Extracted records
<<<<
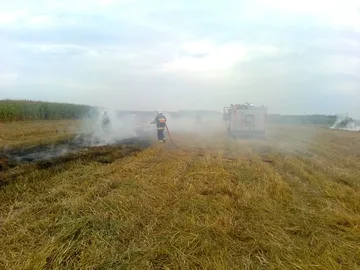 Pożar słomy (zdjęcia)
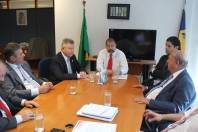 Prefeito Udo Döhler, senador Luiz Henrique da Silveira e deputado federal Mauro Mariani em audiência junto à presidência da Empresa de Correios e Telégrafos, onde trataram da possibilidade da sessão do prédio da Regional dos Correios de Joinville - Fotografo: Divulgação - Data: 19/02/2013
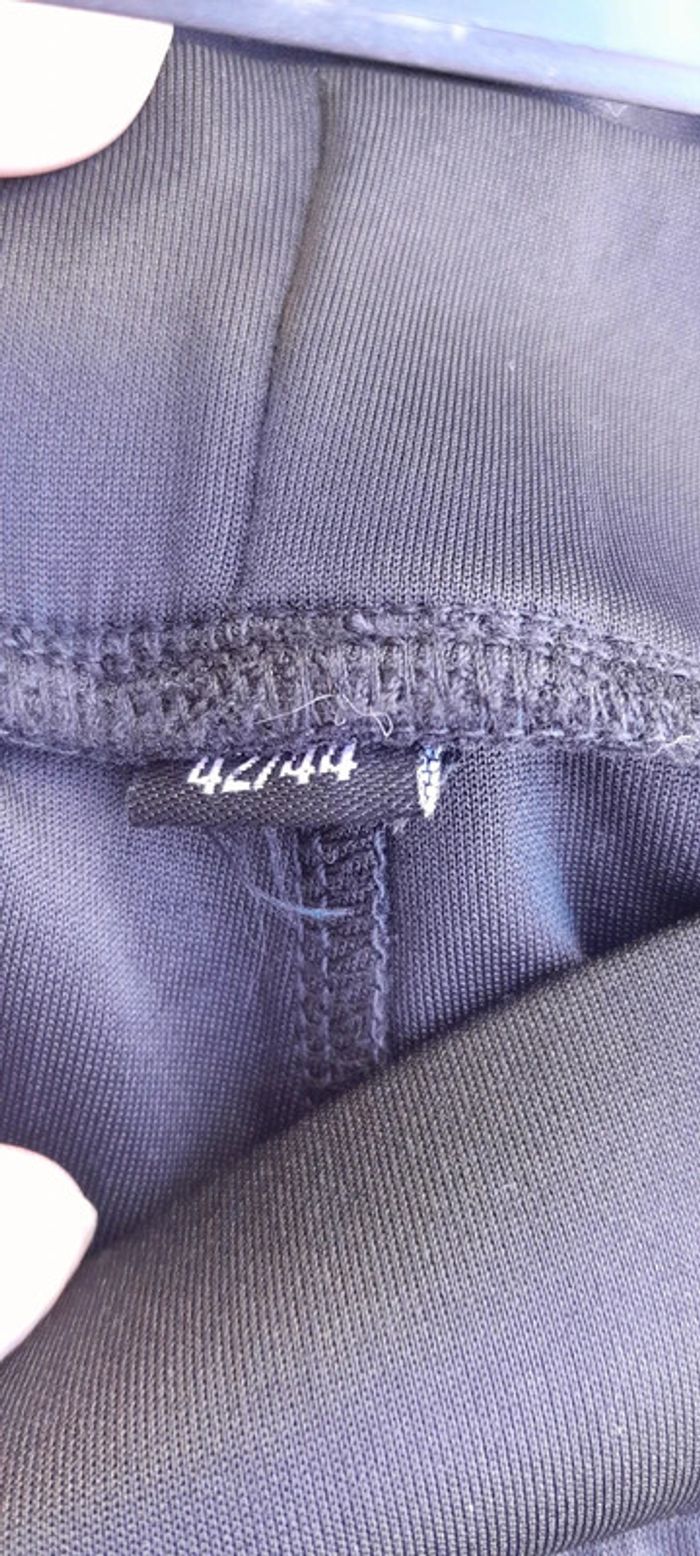 Pantalon caleçon noir taille 42/44 - photo numéro 4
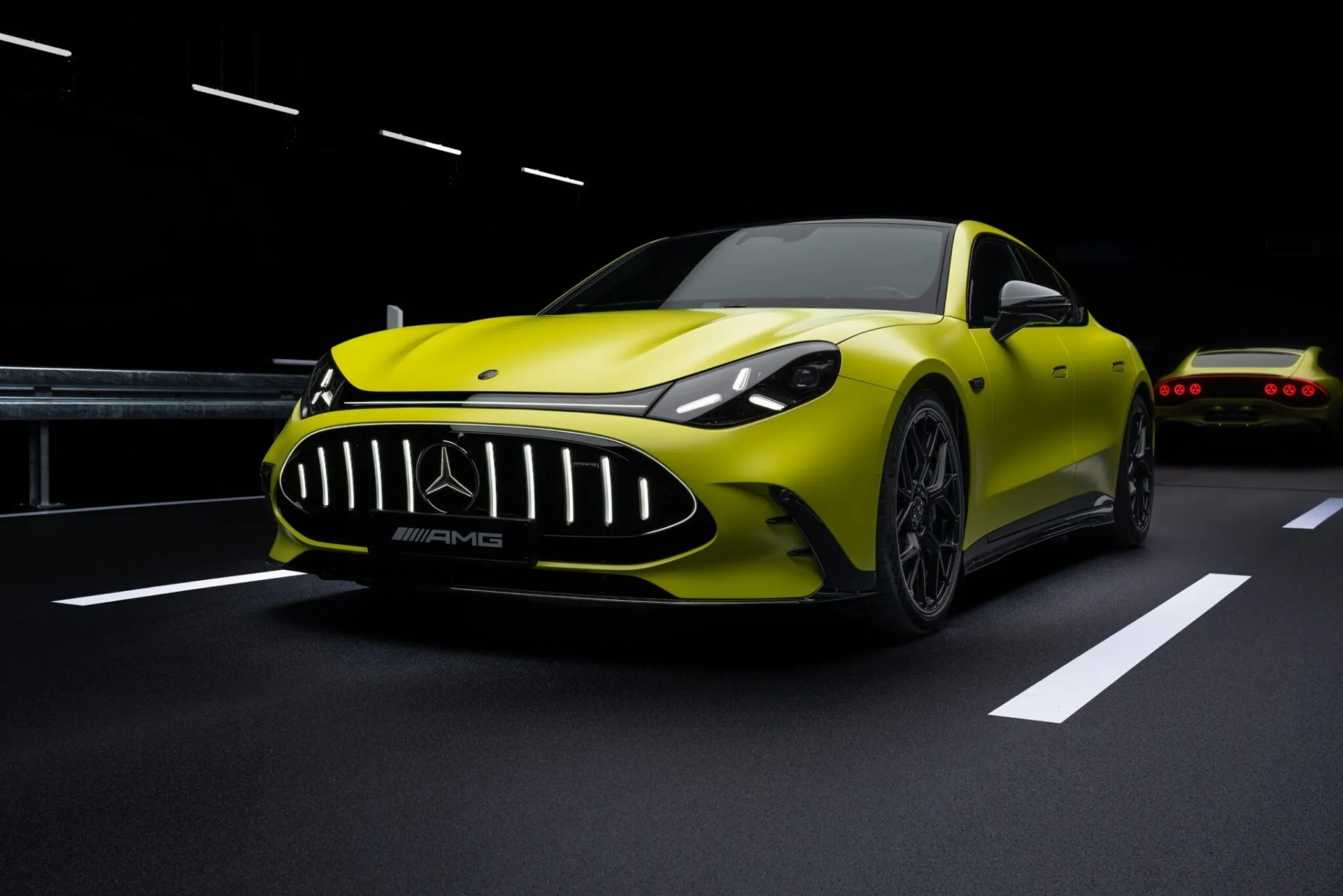 Siêu sedan điện Mercedes-AMG GT 2027 ra mắt với công suất 1.153 mã lực, 0-100 km/h trong 2,1 giây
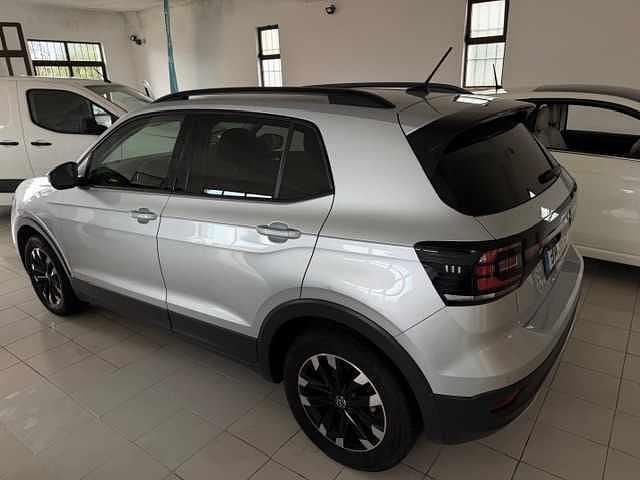 Usado VW T-Cross 110 HP (80 kW) 2023 Cinzento SUV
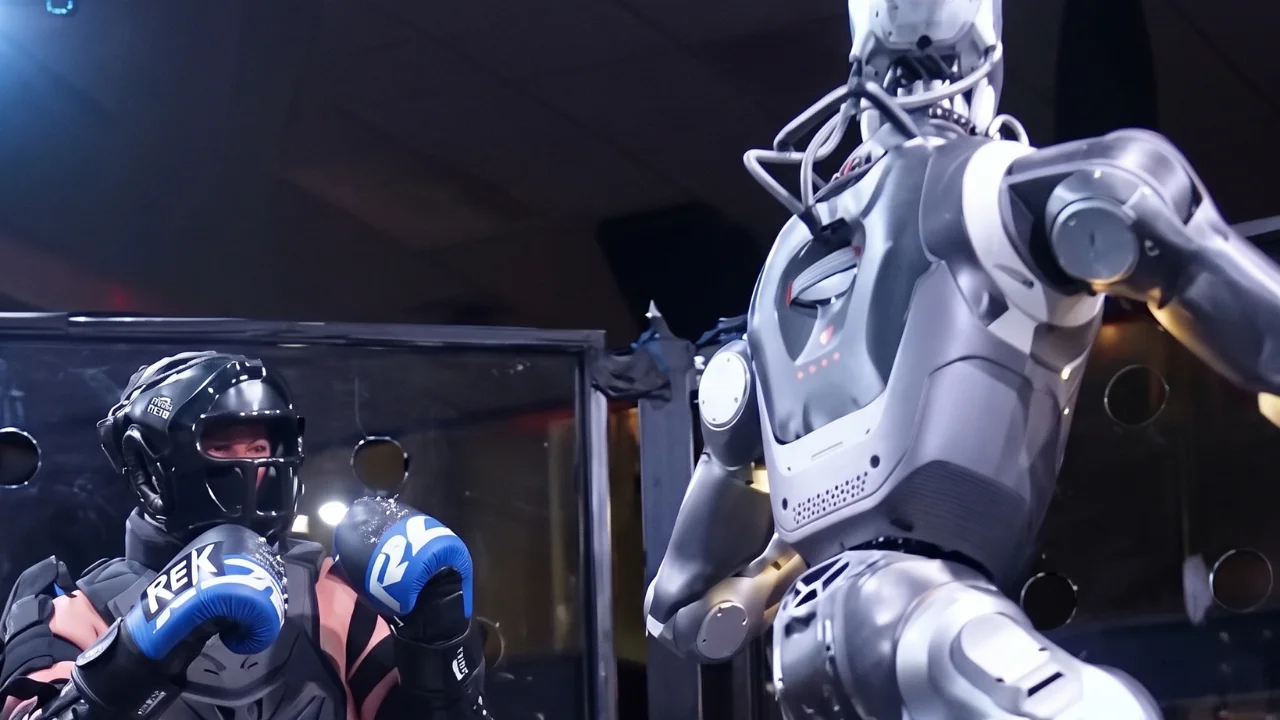 World's first human vs robot MMA fight has happened in San Francisco and the footage is wild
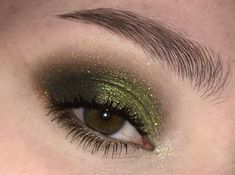 Green Eyeshadow On Green Eyes, Green Birthday Makeup, Duochrome Eyeshadow Looks, Olive Green Eye Makeup, Green And Gold Eyeshadow, Olive Green Eyeshadow, Green Eyeshadow Looks, Matte Make Up, Green Eyeshadow Look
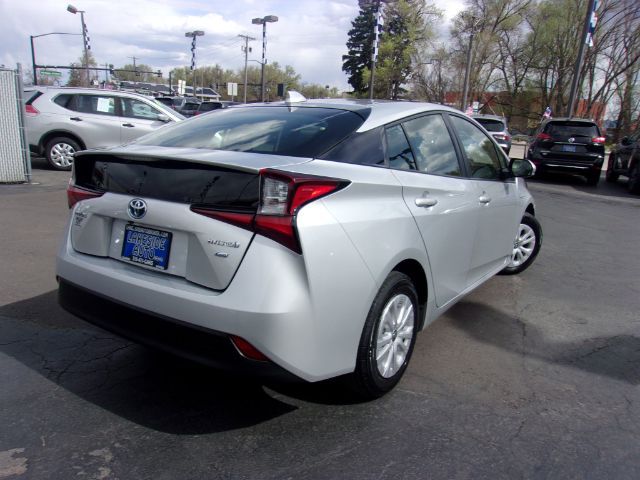 2022 Toyota Prius LE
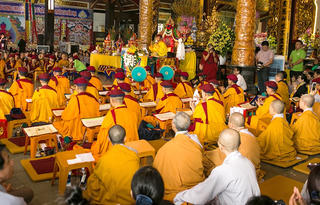 Đức Gyalwang Drukpa cầu siêu cho 13 nạn nhân thảm họa cháy chung cư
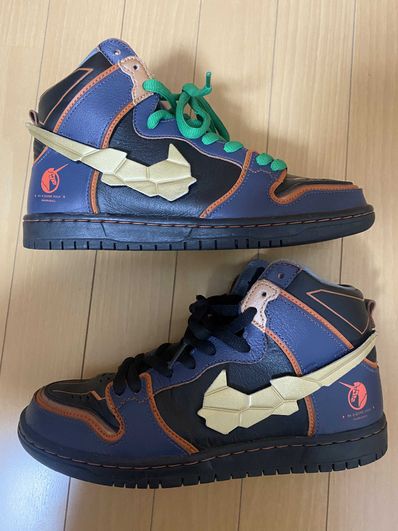 Gundam Unicorn × Nike SB Dunk High PRO QS "Banshee"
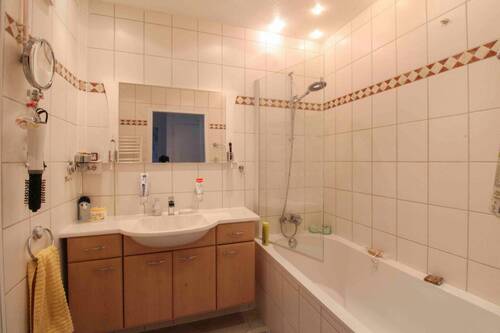 Badezimmer II - 
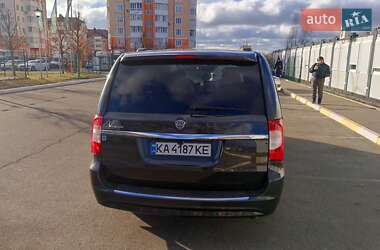 Мінівен Lancia Voyager 2012 в Бучі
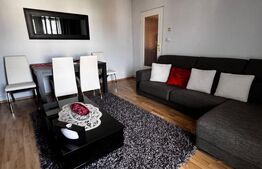 Apartament 3 camere, 86 mp, decomandat, zona Blocuri.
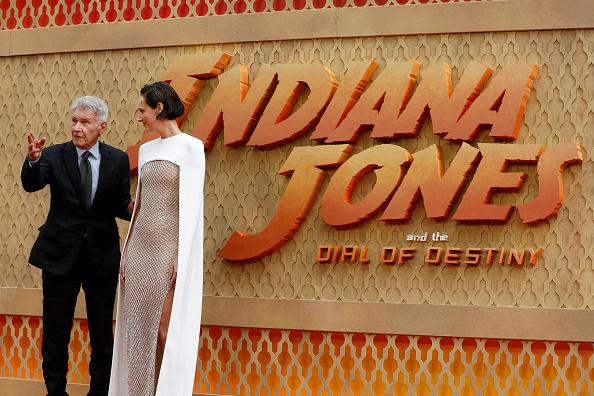 Harrison Ford e Phoebe Waller-Bridge em divulgação de Indiana Jones 5.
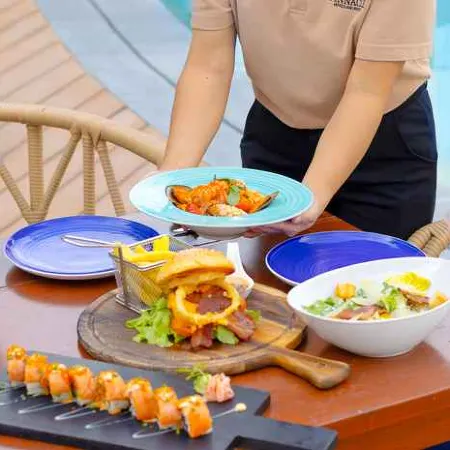 Pinnacle Grand Jomtien Resort and Beach Club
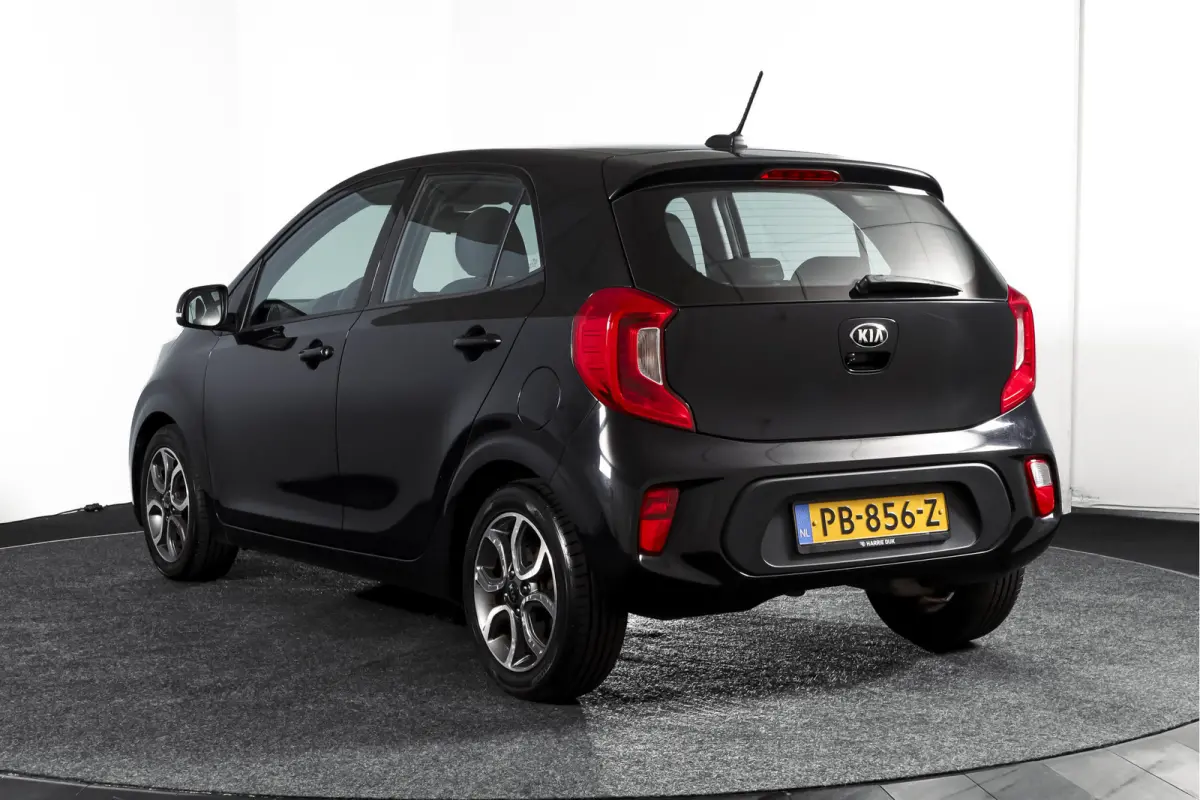 1.0 CVVT First Edition 67 PK Org. NL | Cruise | NAV | ECC | Radio | LM 15" |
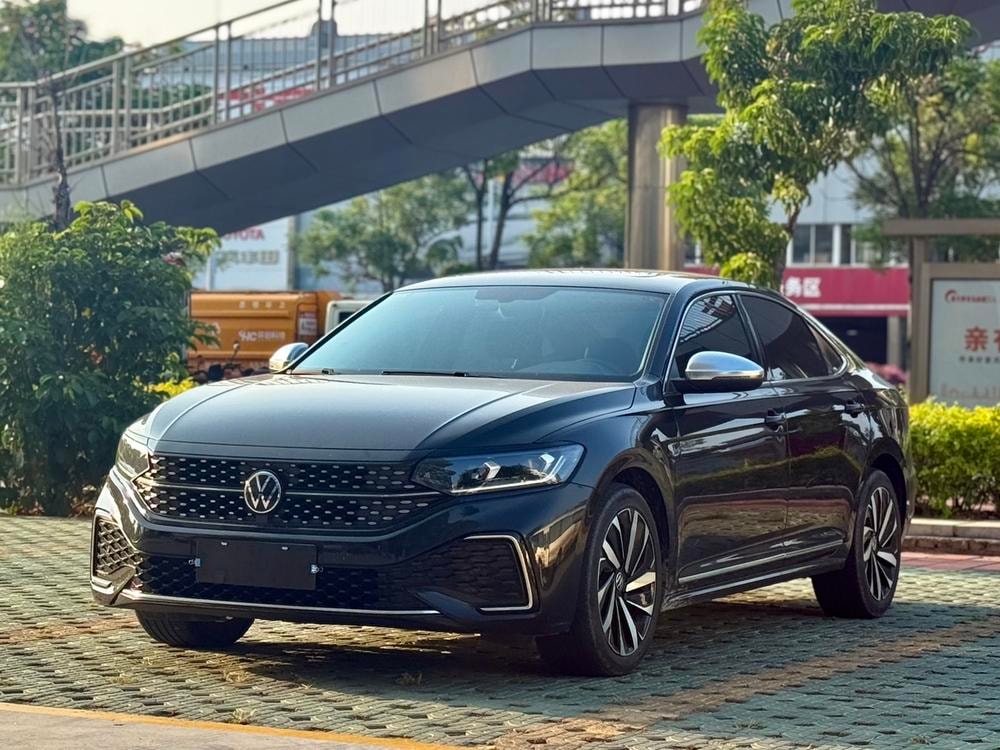Volkswagen Passat 2022 — фото автомобиля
>>>>
**EXERCISE AIM:** Please write out, exactly, every line from the line with "Pinnacle Grand Jomtien Resort and Beach Club" through the final line of the data above, leaving out pictures.

**ANSWER:**
 Pinnacle Grand Jomtien Resort and Beach Club
 1.0 CVVT First Edition 67 PK Org. NL | Cruise | NAV | ECC | Radio | LM 15" |
Volkswagen Passat 2022 — фото автомобиля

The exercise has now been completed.